Dr. Dobb's is part of the Informa Tech Division of Informa PLC

This site is operated by a business or businesses owned by Informa PLC and all copyright resides with them. Informa PLC's registered office is 5 Howick Place, London SW1P 1WG. Registered in England and Wales. Number 8860726.


Channels ▼
RSS

Tools

MPEG-2 and Video Compression


MPEG-2 in Intel IPP. The Intel Integrated Performance Primitives (Intel IPP) provide a very efficient sample encoder and decoder for MPEG-2. Due to the number of variants, it is only a sample and not a compliant codec.

Each side of the codec includes hundreds of Intel IPP function calls. The bulk of the code in the sample is for bit stream parsing and data manipulation, but the bulk of the time is spent decoding the pixels. For this reason, almost all of the Intel IPP calls are concentrated in the pixel decoding blocks.
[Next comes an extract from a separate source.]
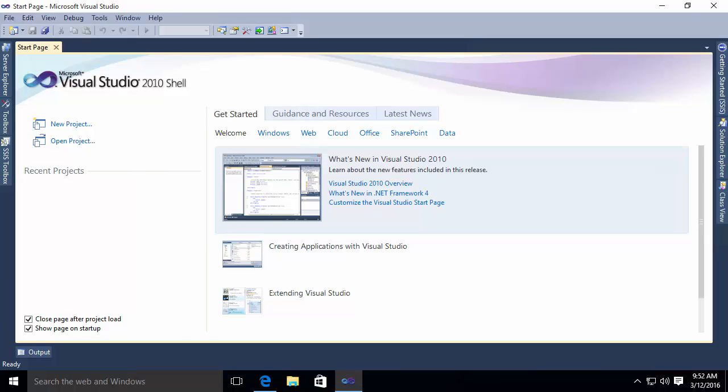But suppose I need to create a dozen packages where each one contains an execute SQL task, but each one fires a different procedure. If I use the designer, I'm going to have to go through this process 12 times where I add a package, I put the appropriate task on the design surface, I go configure it. It's going to be kind of tedious and repetitive.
In particular, the key high-level functions are the member functions of the class MPEG2VideoDecoderBase:

DecodeSlice_FrameI_420
DecodeSlice_FramePB_420
DecodeSlice_FieldPB_420
DecodeSlice_FrameI_422
DecodeSlice_FramePB_422
DecodeSlice_FieldPB_422

These functions decode the structure of the image, then pass the responsiblility for decoding individual blocks into a function such as ippiDecodeIntra8x8IDCT_MPEG2_1u8u. Listing 1 shows the key portions of two of these functions.

Status MPEG2VideoDecoderBase::DecodeSlice_FrameI_420(
   IppVideoContext *video)
{
 ...
    DECODE_VLC(macroblock_type, video->bs, vlcMBType[0]);

    if (load_dct_type) {
      GET_1BIT(video->bs, dct_type);
    }

    if (macroblock_type & IPPVC_MB_QUANT)
    {
      DECODE_QUANTIZER_SCALE(video->bs,
        video->cur_q_scale);
    }

    if (PictureHeader.concealment_motion_vectors)
    {
      if (PictureHeader.picture_structure !=
        IPPVC_FRAME_PICTURE) {
        SKIP_BITS(video->bs, 1);
      }
      mv_decode(0, 0, video);
      SKIP_BITS(video->bs, 1);
    }

    RECONSTRUCT_INTRA_MB_420(video->bs, dct_type);
  }
}//DecodeSlice_FrameI_420
#define RECONSTRUCT_INTRA_MB_420(BITSTREAM, DCT_TYPE) \
  RECONSTRUCT_INTRA_MB(BITSTREAM, 6, DCT_TYPE)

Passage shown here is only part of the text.